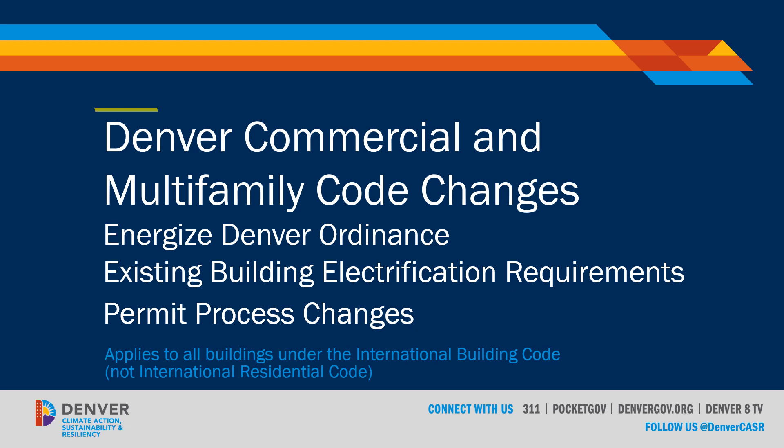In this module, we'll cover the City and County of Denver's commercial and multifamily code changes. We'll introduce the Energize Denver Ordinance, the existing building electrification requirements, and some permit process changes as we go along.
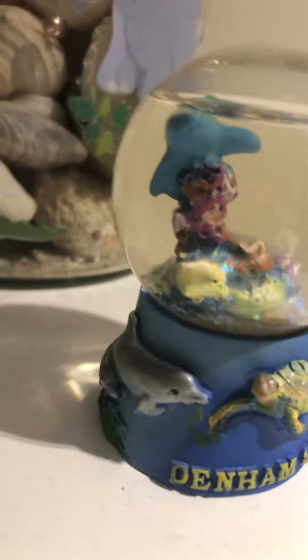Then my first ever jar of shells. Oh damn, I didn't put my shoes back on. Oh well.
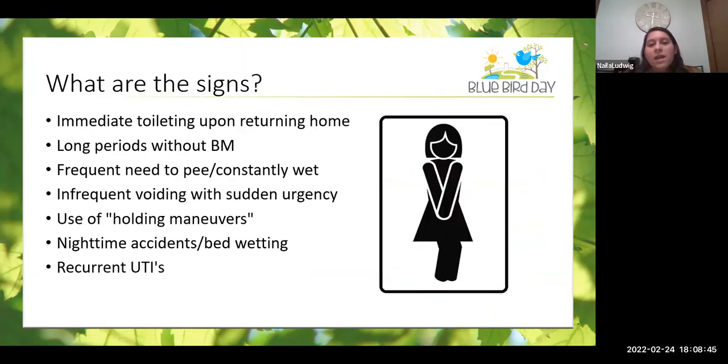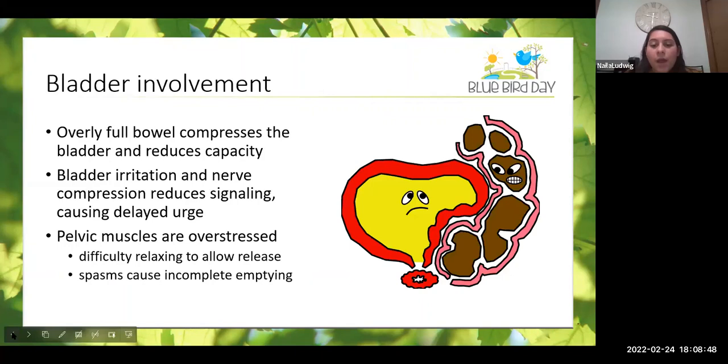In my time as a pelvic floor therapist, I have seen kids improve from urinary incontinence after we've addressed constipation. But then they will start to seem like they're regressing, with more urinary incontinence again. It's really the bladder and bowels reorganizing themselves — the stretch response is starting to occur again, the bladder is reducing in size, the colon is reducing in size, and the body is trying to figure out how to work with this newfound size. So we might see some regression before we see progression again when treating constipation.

==

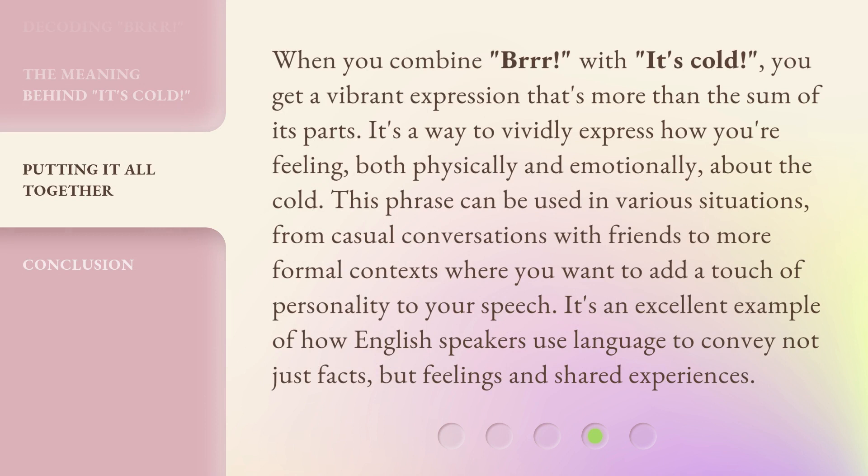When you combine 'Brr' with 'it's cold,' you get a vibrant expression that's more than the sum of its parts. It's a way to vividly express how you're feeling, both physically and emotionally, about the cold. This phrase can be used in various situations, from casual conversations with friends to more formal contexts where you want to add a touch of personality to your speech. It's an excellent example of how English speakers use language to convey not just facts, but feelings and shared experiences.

TASK STATEMENT: Excluding any pictures, print exactly the lines of the listing above from the line with "In this module, we'll" to the line with "In my time as", both ends included.

EXPECTED OUTPUT:
In this module, we'll cover the City and County of Denver's commercial and multifamily code changes. We'll introduce the Energize Denver Ordinance, the existing building electrification requirements, and some permit process changes as we go along.
Then my first ever jar of shells. Oh damn, I didn't put my shoes back on. Oh well.
In my time as a pelvic floor therapist, I have seen kids improve from urinary incontinence after we've addressed constipation. But then they will start to seem like they're regressing, with more urinary incontinence again. It's really the bladder and bowels reorganizing themselves — the stretch response is starting to occur again, the bladder is reducing in size, the colon is reducing in size, and the body is trying to figure out how to work with this newfound size. So we might see some regression before we see progression again when treating constipation.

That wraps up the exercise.